Exercise objective :: The answer is the data repeated in full, with no pictures included.

Data block ::
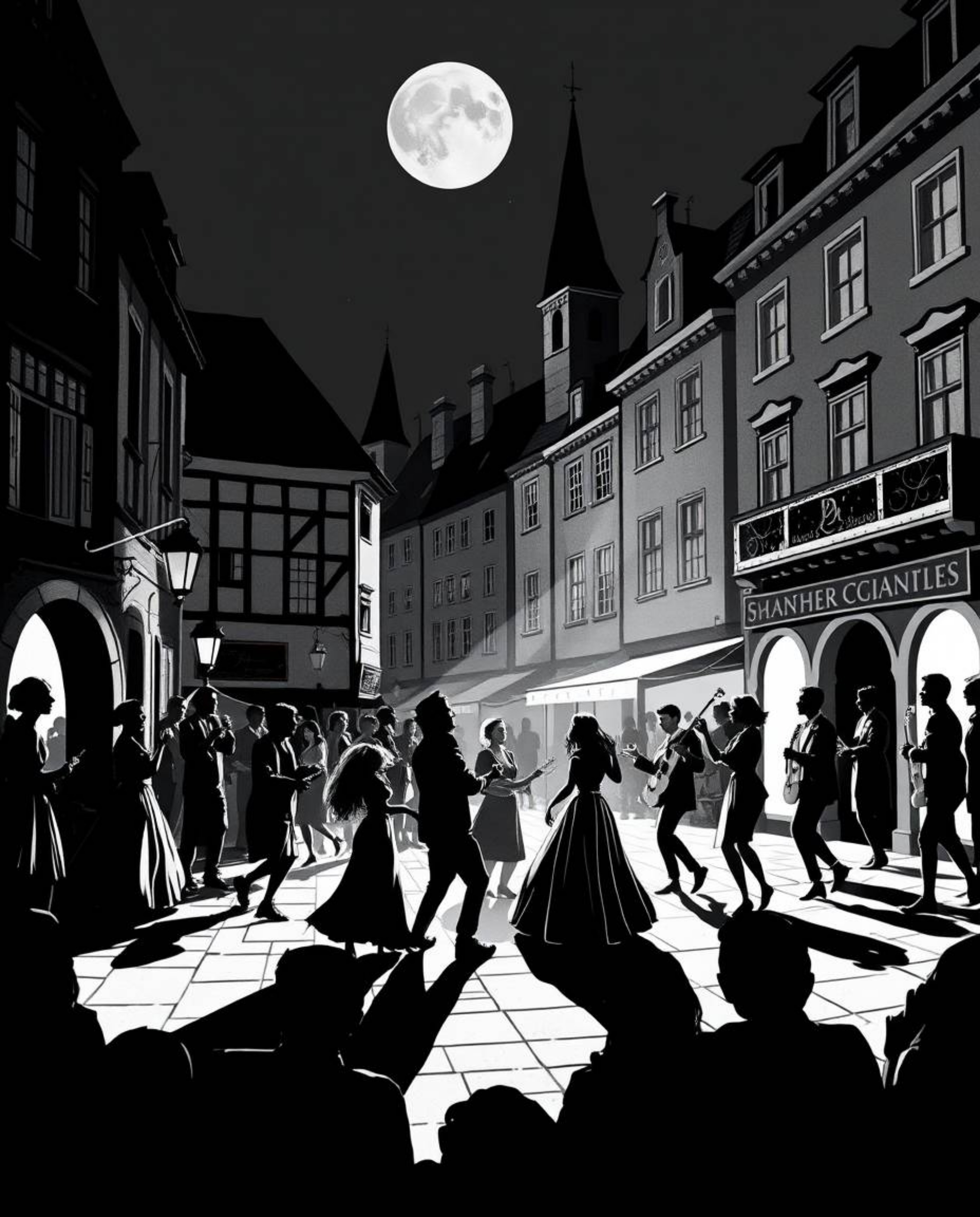 A classic black and white illustration depicting a vibrant musical number taking place in a bright town square. The artwork u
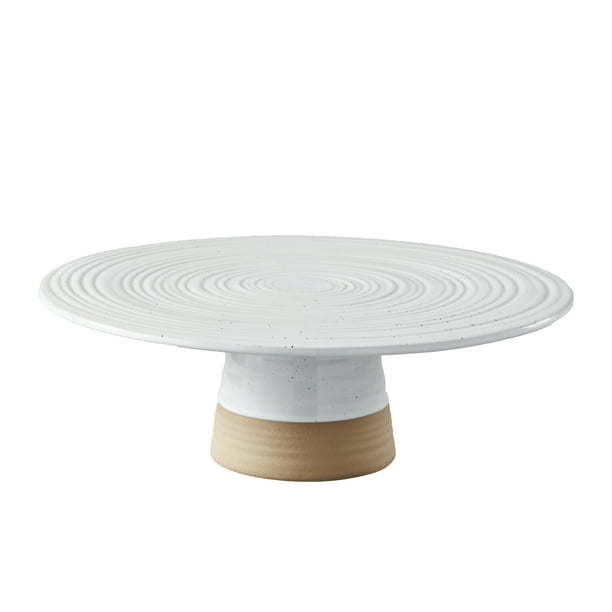 Better Homes & Gardens Abbott Exposed Clay Stoneware Pedestal Cake Stand, White Speckled, 3.52lbs - Mountain Lakes Mall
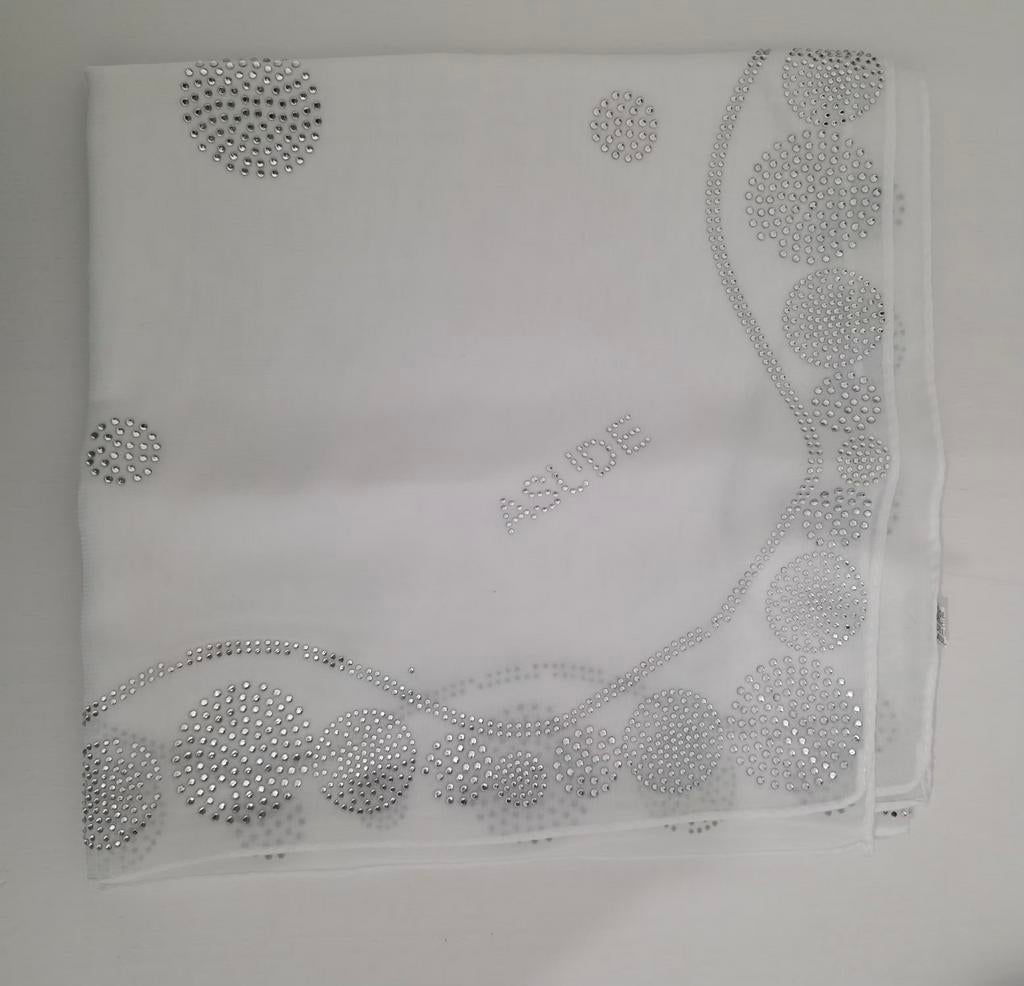Nieuw Witte hijab met steentjes, Kleding | Dames, Ophalen of Verzenden, Nieuw, Sjaal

Task result ::
 A classic black and white illustration depicting a vibrant musical number taking place in a bright town square. The artwork u
 Better Homes & Gardens Abbott Exposed Clay Stoneware Pedestal Cake Stand, White Speckled, 3.52lbs - Mountain Lakes Mall
Nieuw Witte hijab met steentjes, Kleding | Dames, Ophalen of Verzenden, Nieuw, Sjaal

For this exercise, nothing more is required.